Хэл подозвал официанта и расплатился, выписав чек.
— Я никогда не ношу с собой деньги, — объяснил он Пруиту, пока официант отсчитывал сдачу. — Это, дорогой, я тебе говорю на тот случай, если у тебя возникнут какие-нибудь озорные мысли, — добавил он со своей ласковой улыбкой, улыбаясь больше глазами, чем губами. Он щедро дал официанту на чай: — Все, гарсон. Мы уходим.
— Почему ты все время называешь его «гарсон»? — спросил Пруит.
— «Гарсон» по-французски — «официант». То же, что «бой».
— Я знаю. На это моих познаний во французском хватает. Но у тебя это получается как-то неестественно. Как будто ты ничего больше по-французски не знаешь.
— Меня это не волнует. — Хэл улыбнулся. — Мне нравится так говорить, и я говорю. — Он взял Пруита за рукав гавайской рубашки и обрушил на него поток французских слов, которые взмывали, падали и сливались в воздухе, как отголоски далекой пулеметной очереди. — Вот так-то. — Он опять улыбнулся.
Они прошли к выходу мимо огромного швейцара-вышибалы с перебитым носом, и тот, увидев Хэла, приложил к козырьку фуражки палец и почтительно кивнул. Пруит услышал из зала ту же музыку, которую слушал, стоя на улице, как будто, пока они сидели на террасе, пианист играл только эту мелодию и она никак не кончалась.
— Как называется эта вещь? — спросил он.
— Что? — переспросил Томми. — А, эта? Сейчас вспомню. Я же знаю.

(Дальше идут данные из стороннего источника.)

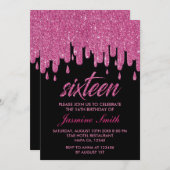 ピンクのグリッターの第16誕生会 招待状 (正面/裏面)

— Рахманинов, Прелюд до минор, — быстро сказал Хэл. — Очень заигранная вещица. Один из коронных номеров этого старого алкоголика. Ее все время заказывает какой-то псевдоинтеллектуал. Très chic[36], — добавил он.
— Что такое «псевдо»? — спросил Пруит.
— Задница из одной половинки, — сказал Анджело.
Хэл засмеялся:
— Вот именно. Иначе говоря, что-то поддельное.

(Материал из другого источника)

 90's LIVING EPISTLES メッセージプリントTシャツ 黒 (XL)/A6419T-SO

— «Псевдо» — это приставка, — сухо объяснил Томми. — Означает «ненастоящий», «нереальный».
— «Псевдо», — повторил Пруит. — Задница из одной половинки.
Глава 26
Они двинулись вчетвером назад по Калакауа мимо «Моаны». На углу Каиулани перешли на другую сторону и зашагали вдоль сплошного ряда магазинов, витрины которых предлагали туристам маски для подводного плавания, резиновые ласты, подводные ружья. В одном магазине продавались только пляжные халаты, купальники и плавки, все с яркими гавайскими орнаментами. Другой магазин торговал исключительно товарами для женщин, и на витрине были выставлены платья и жакеты из тканей, расписанных тоже гавайскими мотивами. Был здесь и ювелирный магазин с маленькими дорогими китайскими статуэтками из нефрита. А за сплошным рядом магазинов стоял знаменитый на весь мир «Театр Ваикики», где пальмы растут прямо в зале. Но сейчас он был закрыт. Время приближалось к полуночи, почти все было закрыто, и улицы, незаметно пустея, принимали ночной облик. Воздух постепенно свежел, с моря доносился легкий ветер, редкие облака, проплывая на восток, заволакивали звездную россыпь. Изогнувшиеся над тротуаром пальмы мягко шелестели на ветру.
За белой громадой «Театра Ваикики» Хэл свернул в сторону от пляжа, в боковую улочку, наполненную шорохами невидимых в темноте тропических растений.
— Чудесное место, правда? — обернувшись, сказал Хэл. — Здесь приятно жить. Все так красиво и просто. И ночь сегодня удивительная.